Botswana President, Masisi Mokgweetsi

BOTSWANA is in talks to increase its shareholding in De Beers, said Bloomberg News citing the comments of the country’s president Mokgweetsi Masisi.

“We are going to increase the shares that we have in De Beers,” Mokgweetsi Masisi told a political rally in Palapye, about 300 kilometers north of the capital Gaborone.

The government would also play a central role in selecting a new investor to replace Anglo at De Beers, according to Bloomberg’s article. It would require an investor prepared for the cyclical nature of the diamond business.

Mokgweetsi’s comments come a month after Anglo American CEO Duncan Wanblad unveiled a radical restructuring of the group that included the sale of the group’s 85% stake in De Beers.

Analysts, however say such a sale would be tricky to pull off. The diamond market is depressed so Anglo may struggle to extract value from the sale.
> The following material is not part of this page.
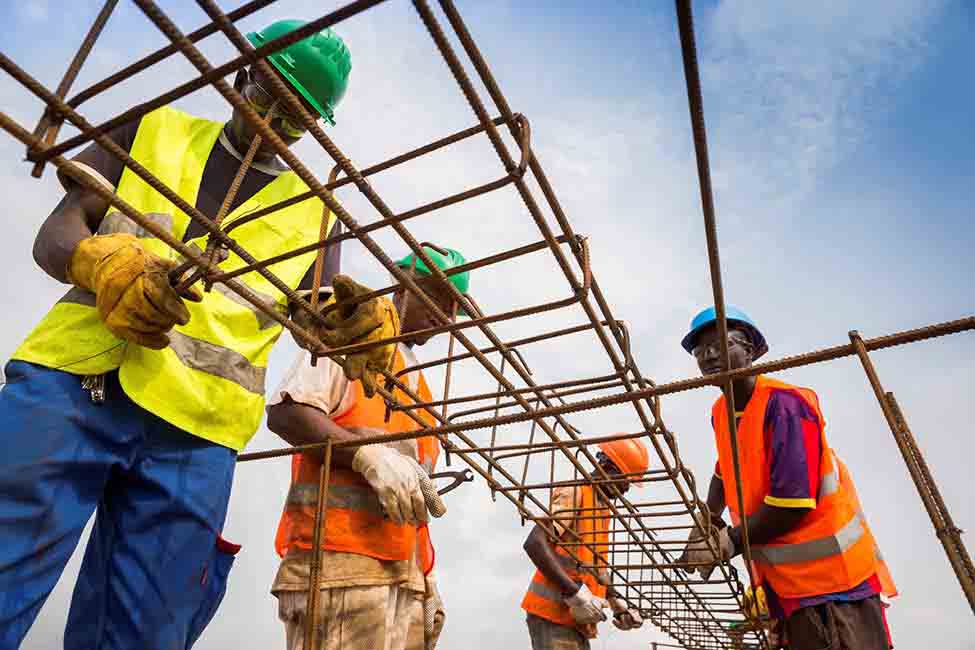 Good economics for African times (2)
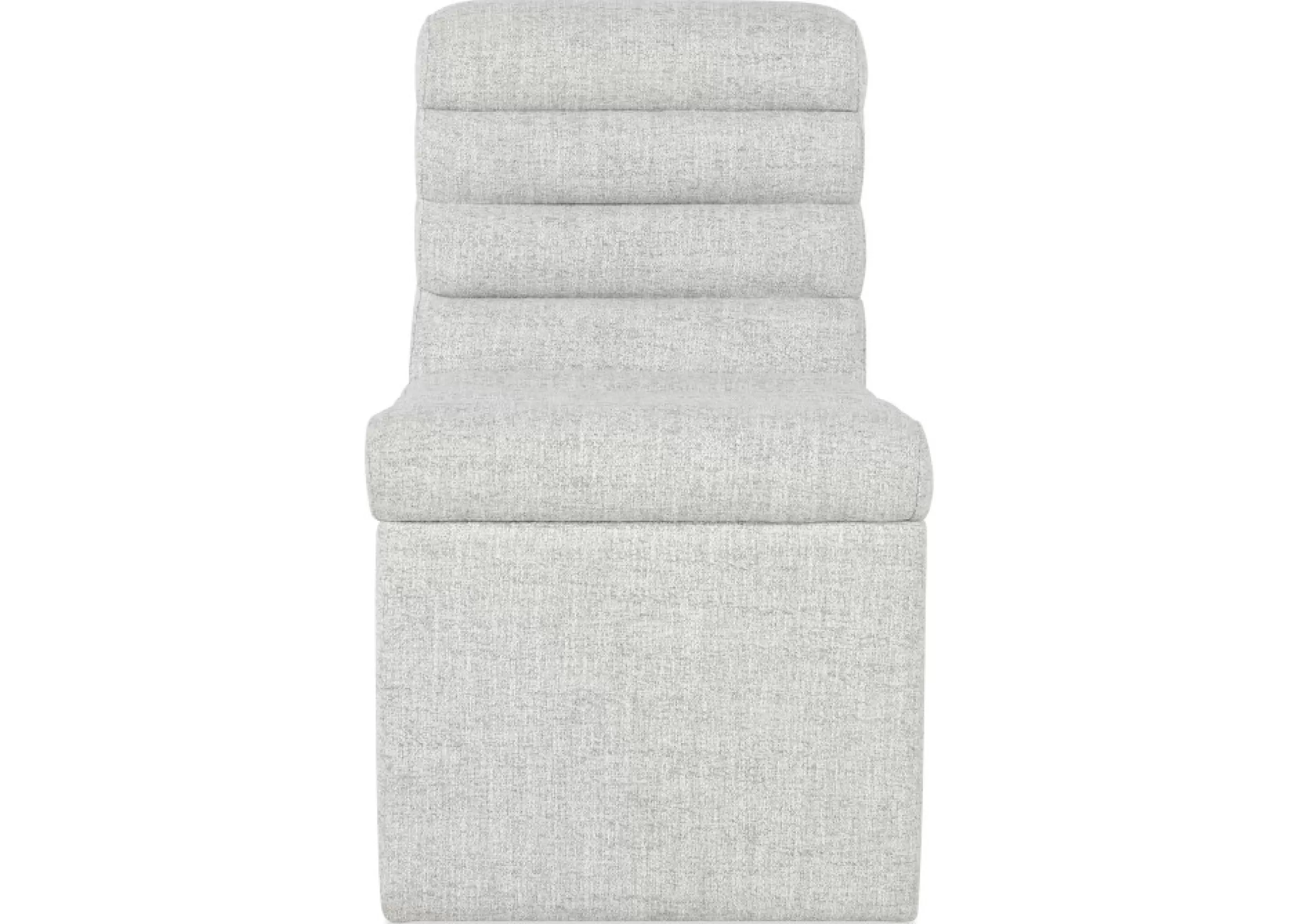 unavailable Dining Chairs*Desmond Dining Chair -Nate Cloud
Last year, the business made just $72m, though traditionally its profits have ranged between $500m and $1.5bn as the diamond industry swings from boom to bust.

Diamond mining is also highly specialised with a small range of potential buyers. But a third difficulty selling De Beers is in the diamond group itself as the company is a time-forged marriage between industrial specialisation and branding expertise that a single buyer might not want in its entirety.

“I think the best suitor would be someone that has deep pockets and can invest a sufficient amount in the business for the long term and someone like an LVMH [the French luxury group] could qualify in this way,” said Paul Zimnisky, an independent diamond analyst. “But I wouldn’t hold my breath.”

“A sale of De Beers to a sovereign fund at a price above $4bn would be a positive as well,” said Christopher LaFemina and Albert Realini, analysts at New York bank Jefferies, in a recent report. Its sum-of-the-parts valuation is $3.4bn for De Beers.

“We believe there is a good chance that De Beers is still in Anglo American come 2026,” Ben Davis, an analyst for investment bank Liberum was quoted in Miningmx last week as saying.

Al Cook, CEO of De Beers told News24 that De Beers was already preparing a possible spinout from Anglo as part of its Origins strategy aimed at breathing fresh life into the business. “It’s no accident that as these announcements are made, we’ve come forward with the strategy we now show,” he told the publication.

“For 124 out of 136 years that De Beers has existed, it hasn’t been part of Anglo American. And I think there’s a sense of confidence [in the journey ahead] because of that,” he said.

“A change like this always raises more questions than answers in the early stage, but I think there is a sense actually that De Beers was a great company prior to 2012 …and will be a great company beyond Anglo American.”

“I believe that a De Beers independent of Anglo American is better than a De Beers within Anglo American.”